1 tablespoon ground coriander
3 teaspoons ground cumin
1 teaspoon ground fennel
3 teaspoons ground turmeric
1 tablespoon freshly ground black pepper
2 -2 1⁄2 lbs boneless sirloin steaks
3 tablespoons good quality oil
3 medium onions, finely chopped
3 cubic inches of fresh ginger stem, chopped or pureed
2 tablespoons fresh garlic, chopped or pureed
1 -2 small red chilli peppers, seeded and finely chopped or pureed
1 cup beef stock (optional)
1 tin full fat coconut milk
2 tablespoons white wine vinegar
1 -2 teaspoon salt (or to taste)

Dry heat the coriander, cumin, fennel and turmeric in a pan for five minutes or so, on a low to medium heat, or until the spices are aromatic and lightly toasted.
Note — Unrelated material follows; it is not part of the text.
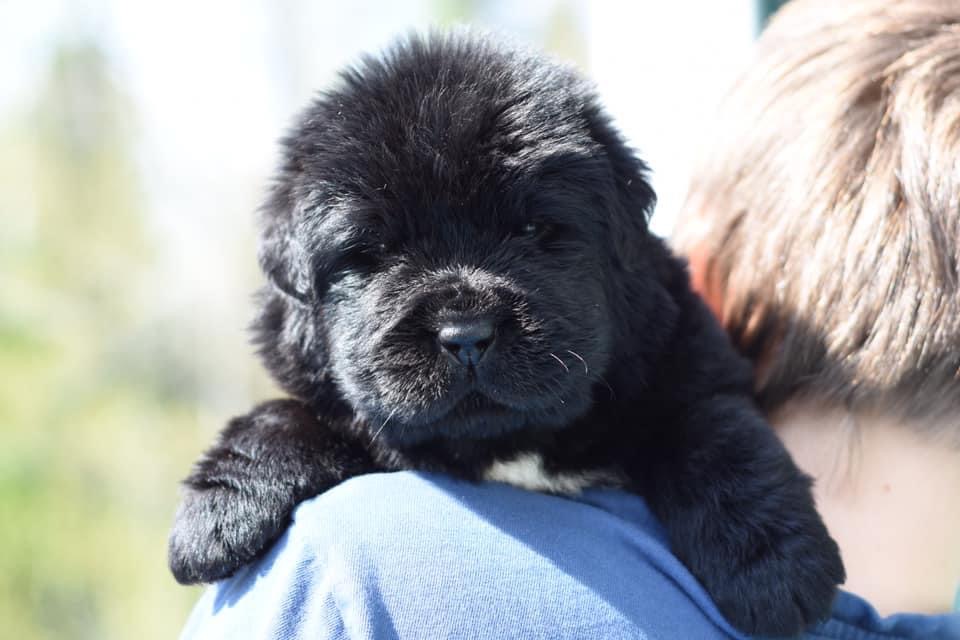 BE2A35BE-ED5B-4C89-9A12-662A03465F7B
Remove from the heat, and mix in the freshly ground black pepper. Cube the steak, into 1.5-inch cubes and pop into a ziplock bag (a sealed bag is more hygienic in the fridge than in a bowl). Sprinkle with the spices and the vinegar, and mix about until the meat is evenly covered. Cover and refrigerate overnight. Marinating is best suited for the tougher steak cuts such as sirloin and 24 hours is ideal. Marinading very good cuts of beef (like rib eye) can leave them worse off! The acid in the vinegar softens the meat and allows the spices to really infuse.




  1. Heat plenty of oil in a heavy bottomed pan and fry the chopped onions on a low to medium heat. Fry until the onions are soft and translucent, but not brown.
  2. Add the chopped garlic and fry for another 2 minutes on a low heat. Garlic is easily burnt, so adjust the heat down. You might want to resort to a garlic crusher, we do use rather a lot!
  3. Add the chopped chillies. Use as much or as little as you like. Seeds are far hotter than the pepper flesh and generally, the smaller the pepper, the hotter the taste! Fry for another 2 minutes.
  4. Remove the onion mixture and turn the heat up. Add more oil, and brown the beef, splitting into two batches to ensure the pan stays hot and the beef browns quickly and retains its moisture. Remove the first half of the browned meat and add it to the cooked onion mixture. Fry the second batch off.
  5. Now place the meat and the onion mixture back into the pot and add the stock and the coconut milk. Add some chilli flakes if you feel like it! Bring the mix gently to the boil and check for salt and pepper.
  6. Cover and reduce heat to low and simmer for about 2 to 2-1/2 hours or until the beef is very tender.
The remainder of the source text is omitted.